Neuroscience and Molecular Biology researcher Deniz Ertekin works at the Queensland Brain Institute at the University of Queensland. She and her team are working on a project that’s studying sleep and attention in fruit flies.
She says flies are a great model for the study of human sleep as the experimental environment can be tightly controlled.
“We can also study how neurons in their brain communicate, and how they keep them awake or put the fly to sleep.”
She says there are many similarities between flies and humans in the way they sleep.
“Young flies sleep longer, just like babies need more sleep or when flies are given coffee, they stay awake. The fly sleep is under the circadian clock, meaning that they go to sleep at night just like us. They are also lucky to have a midday siesta," Mrs Deniz told SBS Turkish.
Researchers are trying to identify novel genes affecting sleep in fruit flies as they share, besides sleep behaviour, 75 per cent of the genes that cause disease in humans.
The project involves video recording the activity of individual flies over multiple days and analysing their behaviour with customised software. This allows researchers to measure how long and how deeply the flies sleep.

To measure how deeply a fly is sleeping involves 'tickling' the fly every hour to see if it wakes up.
To most people, fruit flies are just pests. But to scientists, she says, fruit flies are an important model organism and understanding what goes on within these tiny insects can reveal important things about the basics of human biology.
NASA is studying fruit flies in space to help understand the effects of long-duration space missions on an astronaut’s body and the way the body responds to new and stressful environments. Fruit flies and mammals have similar structural, functional and genetic components.
“They are not humans with wings, but we do have some of the same genes to make organs,” Mrs Deniz says.
'Ethical dilemma'
Her job also requires Mrs Deniz to work on other animals to understand the mysteries of the human brain. But she says she isn’t comfortable working on some animals.
“I couldn’t work on mice because of my ethical concerns.
“I am comfortable working on flies.

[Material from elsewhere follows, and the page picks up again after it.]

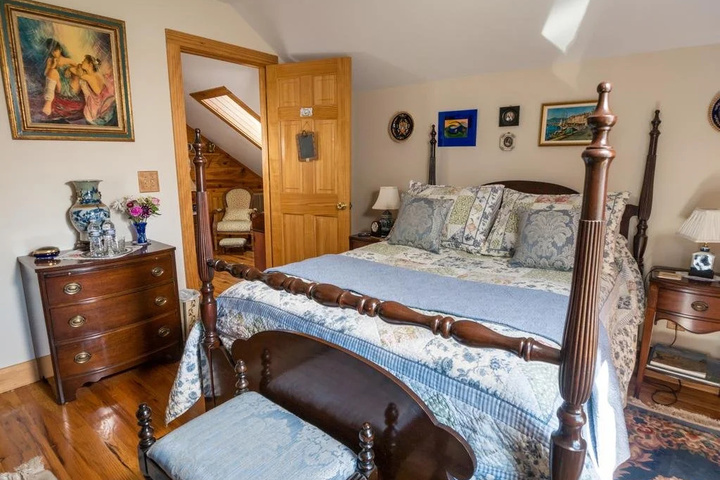 Room 4 of 11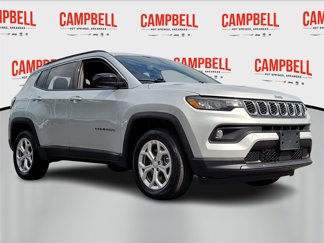 Used 2024 Jeep Compass Latitude image 1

I have been working on them for seven years. I remove their brains under a microscope and look at the neuron cells in their brain,” she says.
Although there is no ban on operating on fruit flies in laboratories but there are rules that requiring minimizing pain and distress to animals in the lab.
“We keep them in tubes with food and operate within ethical rules. They shouldn’t feel pain, so we put them to sleep before we operate,” she says.
The mysteries of the fruit fly brain have kept Mrs Deniz busy for the last seven years and she says it will continue to do so for several years to come.